Updated at 9:40 a.m. on October 9, 2019
The NBA reveled in the praise it got for being the pro sports league that welcomes its players’ and employees’ opinions on political and social issues. But the league’s respect for open expression—which supposedly distinguished it from the NFL—suddenly has its limits.
A posting on Twitter Friday by the Houston Rockets general manager Daryl Morey showing support for the Hong Kong protesters has fractured the relationship between the National Basketball Association and its business partners in China, a country with deep pockets and an insatiable thirst for the sport. The tweet featured an image bearing the caption “Fight for Freedom. Stand with Hong Kong.” It wasn’t up for long, but it was enough to jeopardize the NBA’s growing ties with the Chinese Basketball Association and Chinese corporations.
Now the NBA is trying desperately to mollify China—which will accept no criticism of its embarrassing human-rights record—while also paying lip service to Morey’s right to express himself. This strategy is working quite miserably.
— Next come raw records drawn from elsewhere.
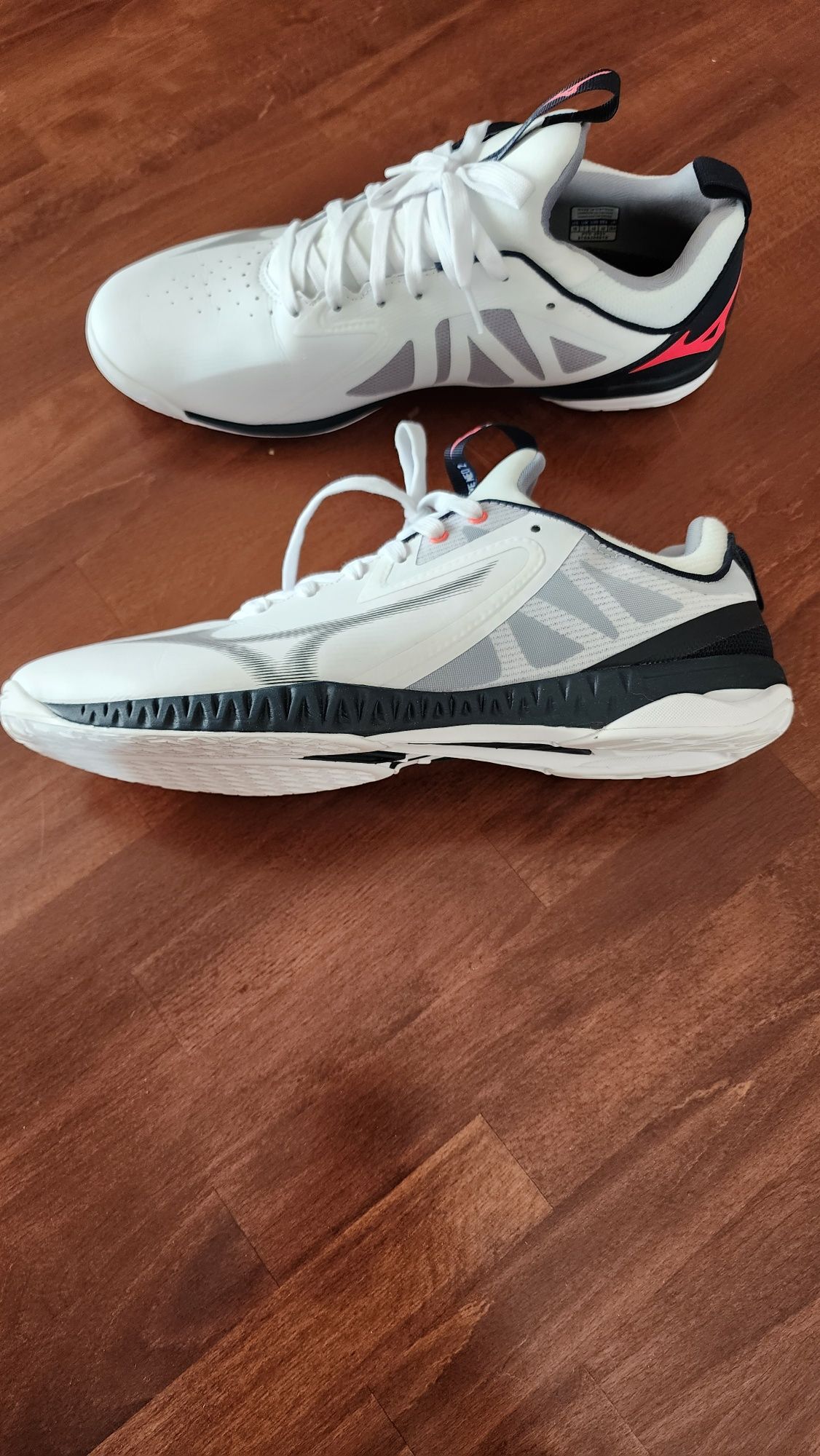 Mizuno Wave Drive  Neo 2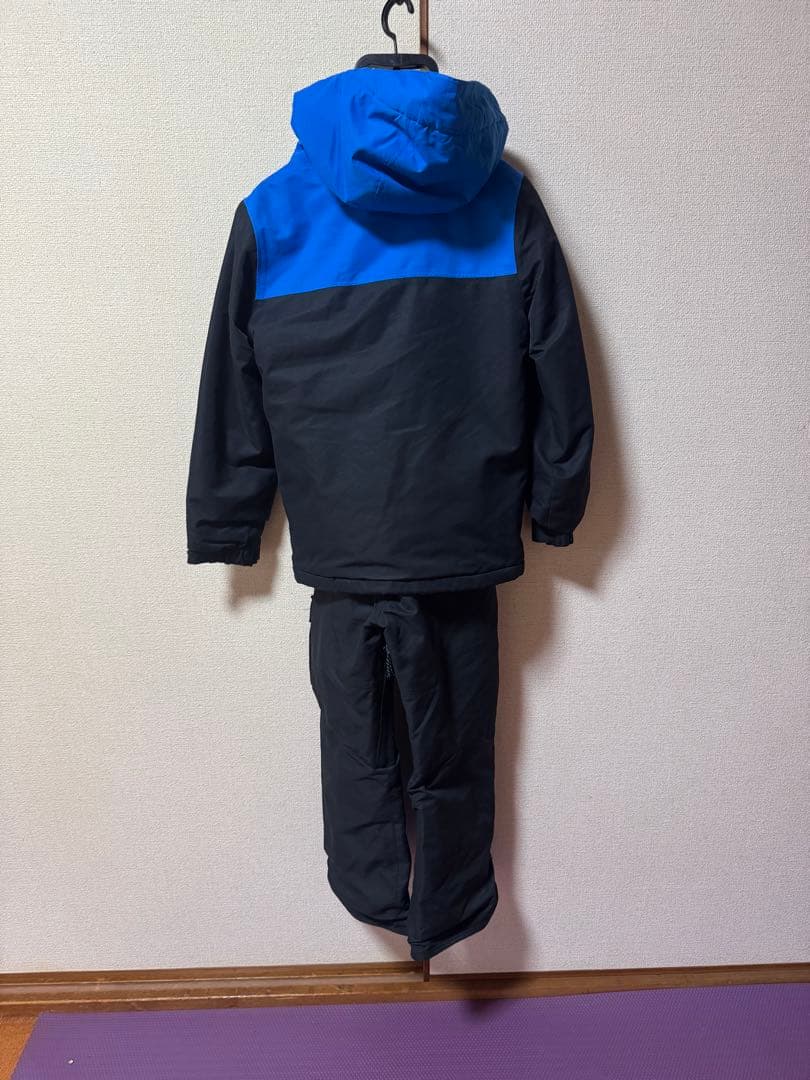 ボルコム　キッズ　スノーボードウェア　Sサイズ　上下セット　ビブパンツ
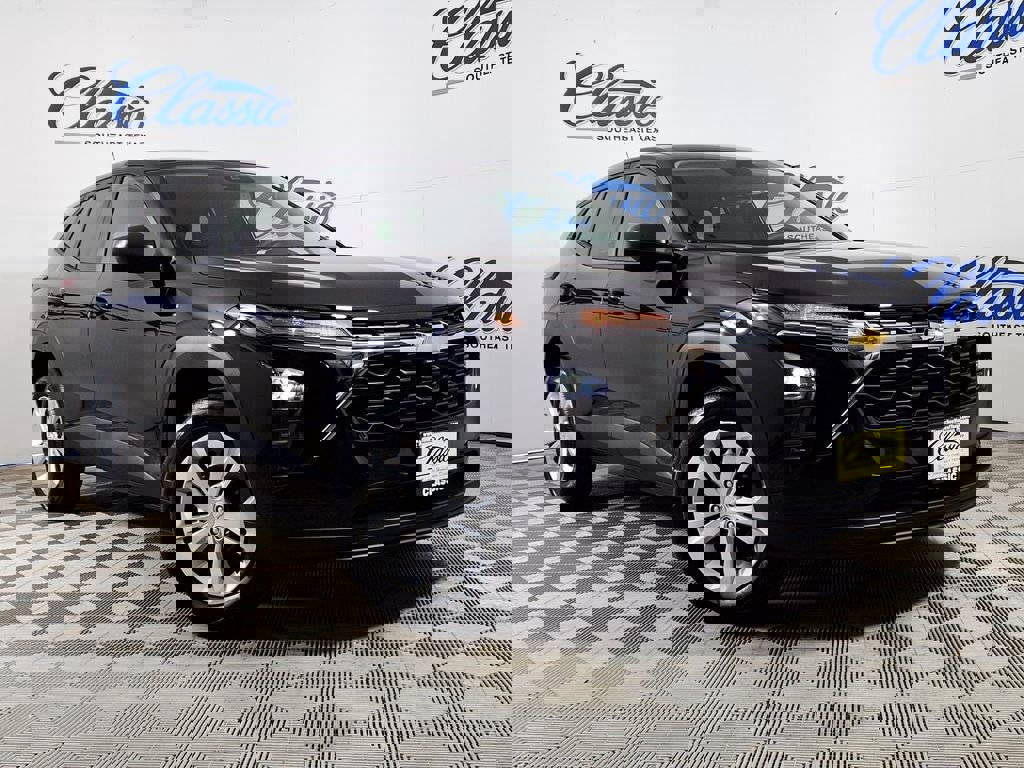 New 2026 Chevrolet Trax LS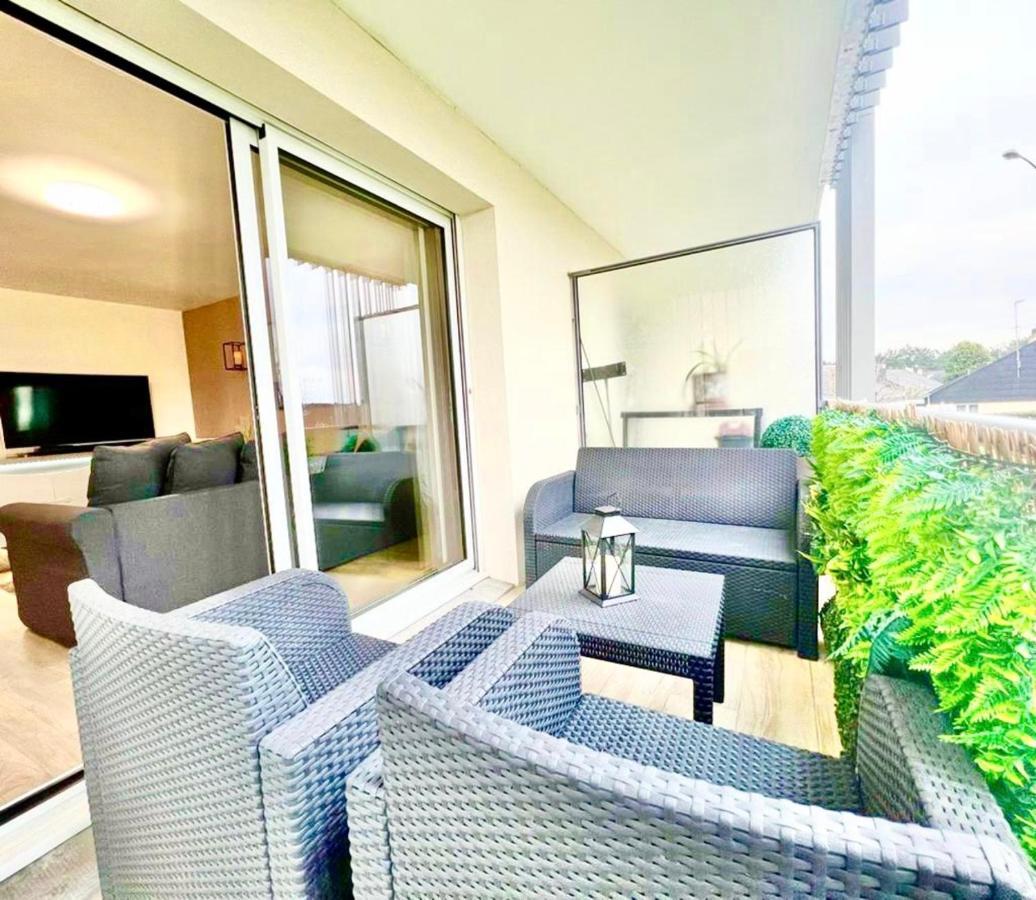 L'Atelier Chic - Wifi Fibre - Parking Privee - Balcon - Netflix Apartment Lanester Exterior photo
A few years ago, when the National Football League struggled to deal with the quarterback Colin Kaepernick and other players who protested police brutality by taking a knee during the national anthem, the NBA often was held up as a counterexample. The Dallas Mavericks owner Mark Cuban went so far as to brag that, if Kaepernick were an NBA player, his viewpoints would have been welcomed. “I’d like to think we encourage our players to exercise their constitutional rights,” Cuban once told The Washington Post. Some of the biggest names in the NBA—from LeBron James to the Golden State Warriors coach Steve Kerr—have been extremely critical of President Donald Trump, and the NBA’s response has been to give them the space to say what they believe.